Le procès de Guitry n'est pas celui qu'on attendait : c'est celui d'un artiste mis en accusation par ses femmes successives et c'est surtout le nôtre, car Christophe Barbier montre avec talent et enthousiasme que le grand Sacha, qui ne cessa jamais de pointer avec esprit les défauts de ses contemporains, souligne encore malicieusement nos travers...

Une phrase

Parmi les nombreux et savoureux aphorismes qui jalonnent le spectacle, on a sélectionné :

«  Je ne suis pas misogyne.
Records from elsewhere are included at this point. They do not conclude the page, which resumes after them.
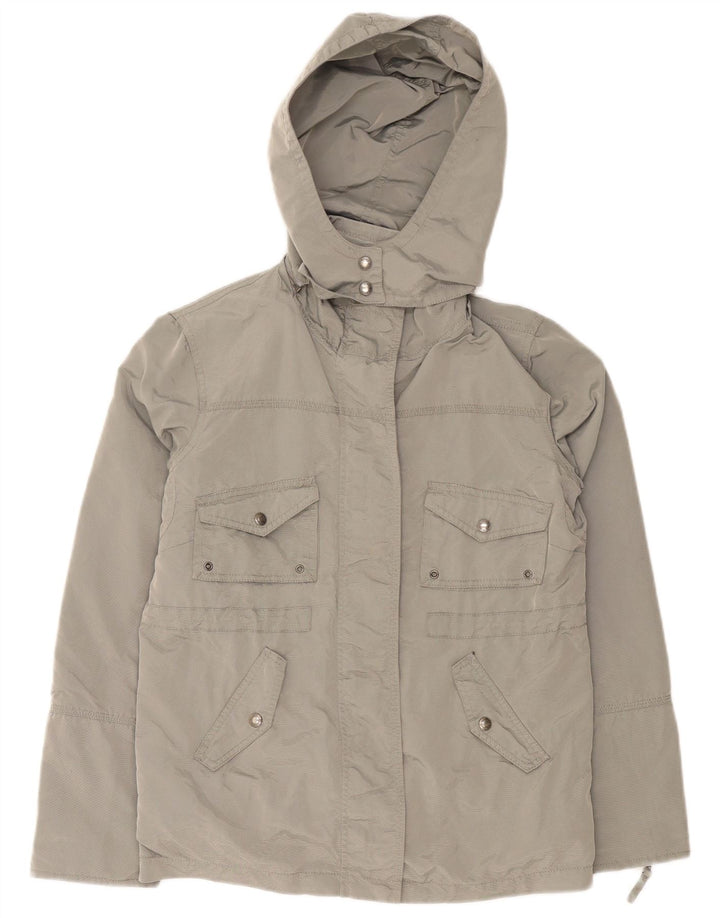 Calvin Klein Jeans Damen Utility-Jacke mit Kapuze, UK 14, Mittelgrau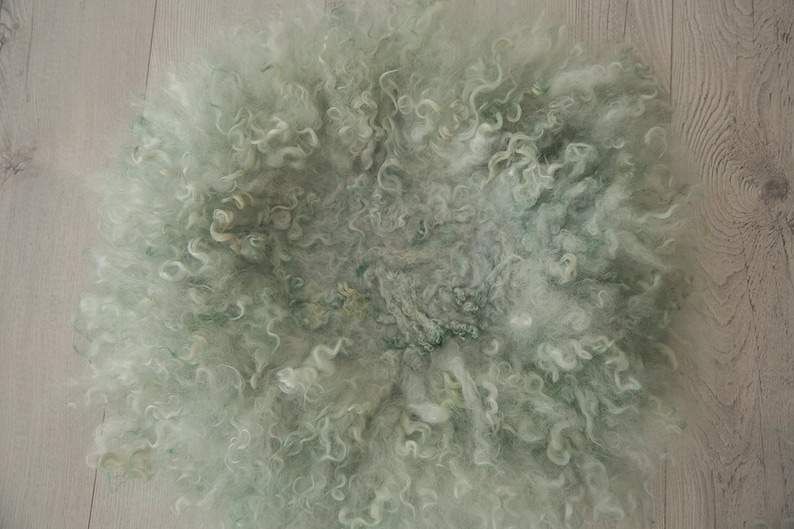 Green Mint Fringe Curly Layer Newborn Baby Photography Props Basket Stuffer Felted Wool Layer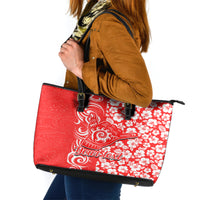 Custom Hawaii Kauai Island Leather Tote Bag Hibiscus Pattern Seamless Tribal Simple Red LT03 Red - Polynesian Pride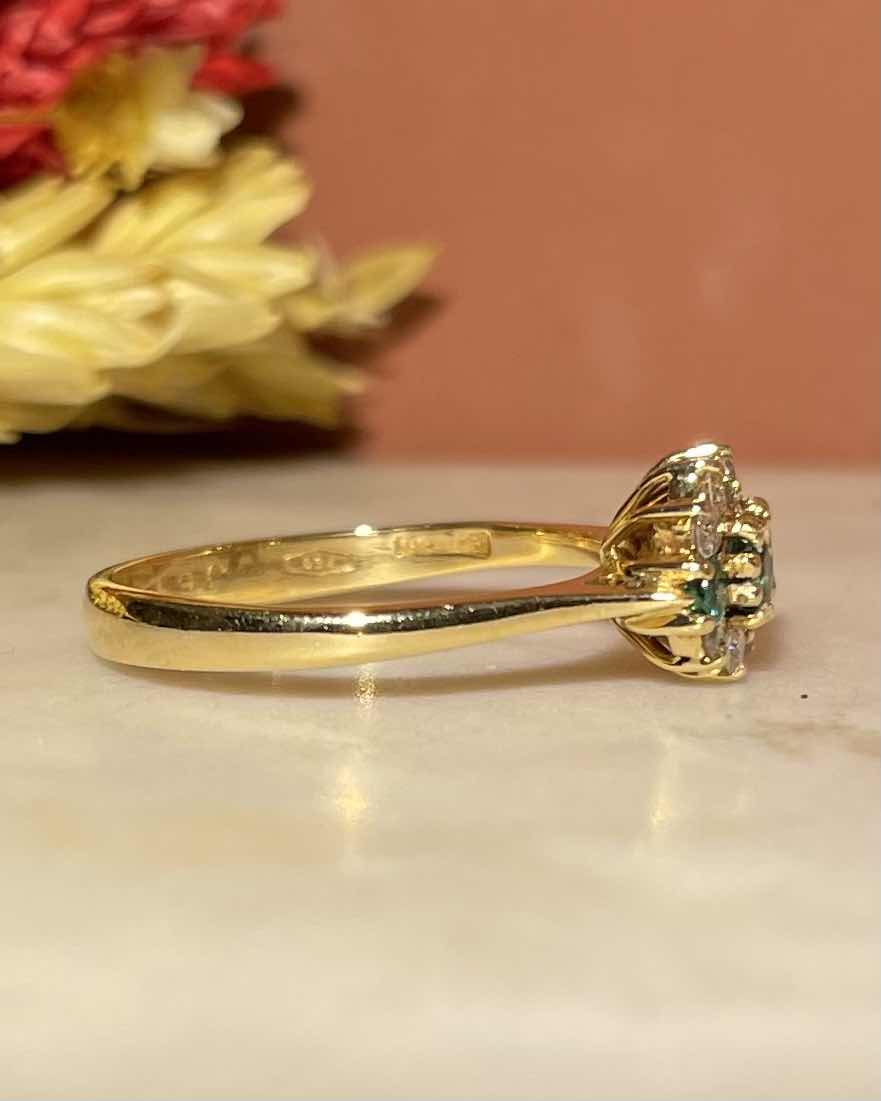 Bague Constellation Emeraudes &amp; Diamants "Véra" - Elliade Paris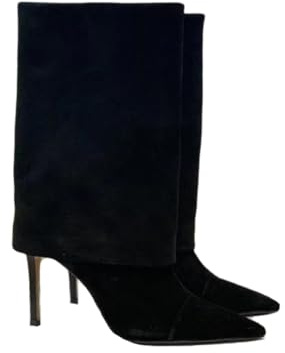 Botas de tacón Stiletto Puntiagudas Retro de Gamuza para Mujer, Botines de Ajuste cómodo para Nightclub, Boda, Oficina,Negro,41 EU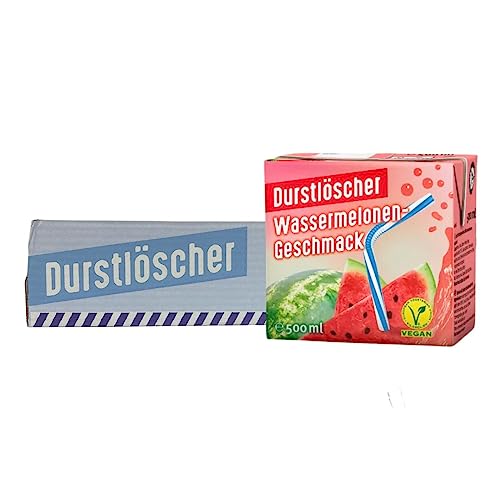 Durstlöscher Wassermelone mit Strohhalm Melone 24 Packungen a 500ml von Durstlöscher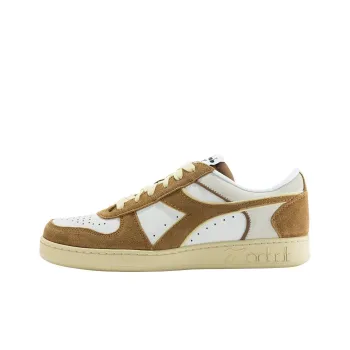 Diadora Magic Basket Anti-Slip Wear-Resistant Low-Top Skateboard Shoes Unisex White Brown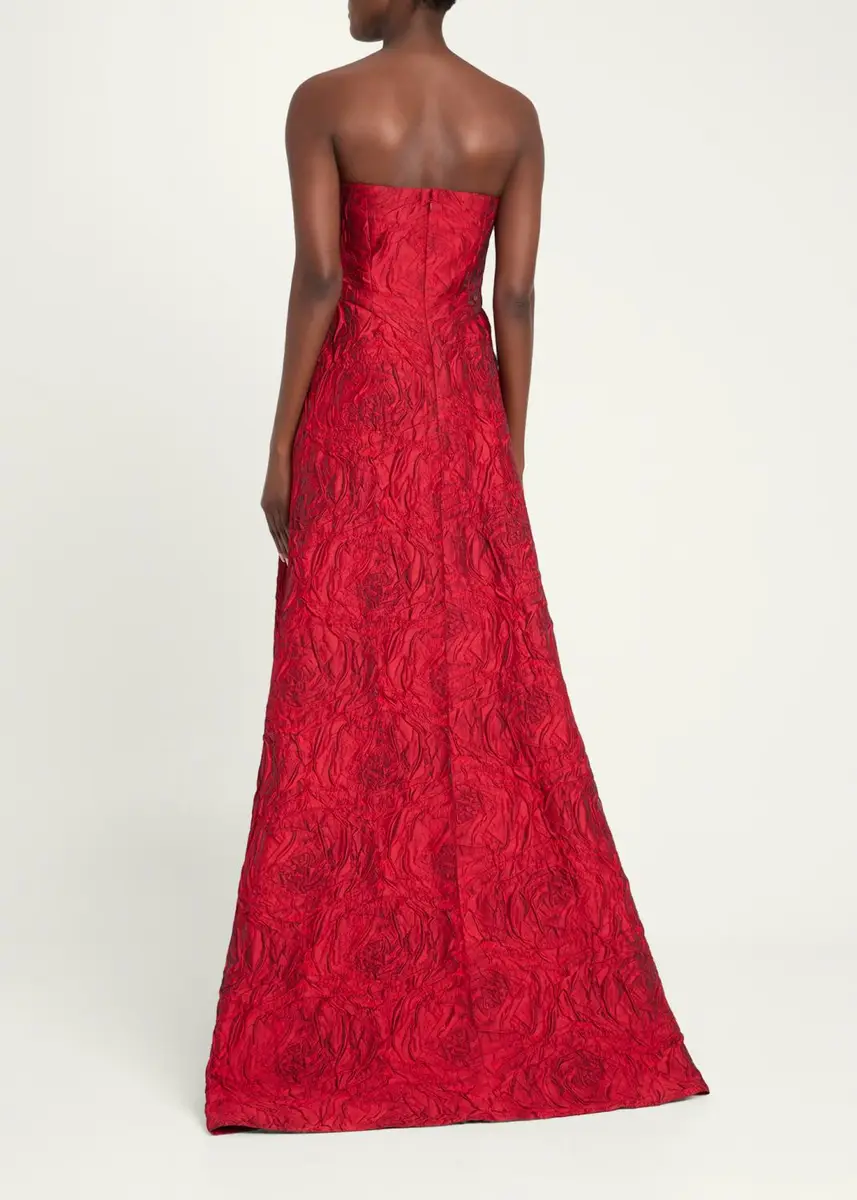 Rickie Freeman for Teri Jon Strapless Floral Jacquard A-Line Gown | Thumbnail 3 Rickie Freeman for Teri Jon Strapless Floral Jacquard A-Line Gown | Thumbnail 3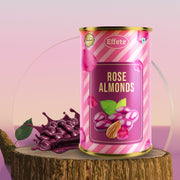 Tin pack of rose coated almonds included in golden rose gift set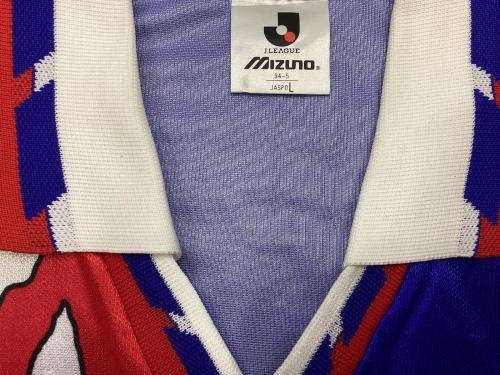 横浜マリノス (ヨコハマ・マリノス) サッカーユニフォーム SIZE L ブルーxレッド ラモン・ディアス【9】1993シーズンホーム Jリーグ開幕時（当時物） MIZUNO
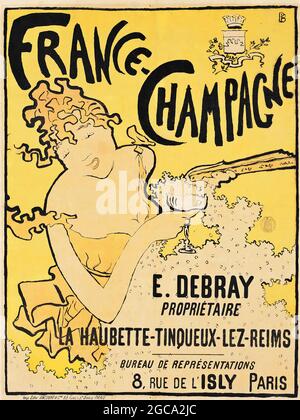 Pierre Bonnard (1867-1947) Belle Epoque poster FRANCE-CHAMPAGNE - Vintage Advertisement / old advertising. Stock Photo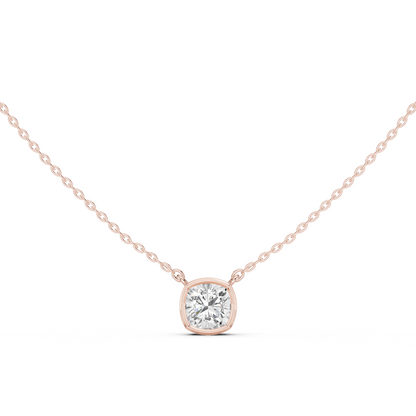2.50CT Cushion Cut Lab Grown Diamond Bezel Set Solitaire Daily Wear Pendant - HIGHCARAT DIAMONDS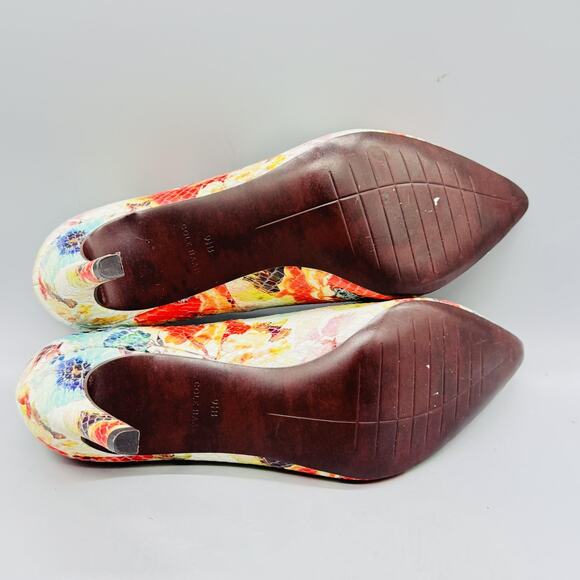 Cole Haan Shoes Womens 9.5 Multicolor Floral Leather Stiletto Pumps Pointed Toe - Picture 8 of 10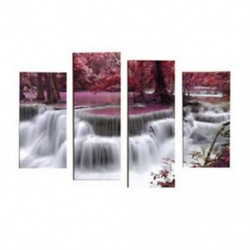 4 panelkészlet Gyönyörű vízesés tájképfestmény virágok modern képekkel F5T7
Je suis phallocrate, c'est différent... »

« Mon dieu que c'est bête un homme... alors deux ! »

« Quand j'avais vingt ans, on ne changeait pas de siècle tous les deux ans ! »

L'auteur

Christophe Barbier, né en 1916, cultive depuis l'âge de 17 ans une véritable passion pour le théâtre, et s'est essayé tant à l'interprétation qu'à la mise en scène et à l'écriture (Une histoire de la Comédie française, 2012 ; Le Tour du théâtre en 80 minutes, 2017...).

Dans le cas présent, il organise sa pièce autour des classiques de Sacha Guitry (La Jalousie, N'écoutez pas Mesdames, Une paire de Gifles, Quadrille...) mais aussi de ses œuvres plus sombres et méconnues (Françoise, Un sujet de roman), et la truffe des innombrables saillies spirituelles qui firent la réputation de Sacha Guitry, né en Russie en 1885 et mort à Paris en 1957.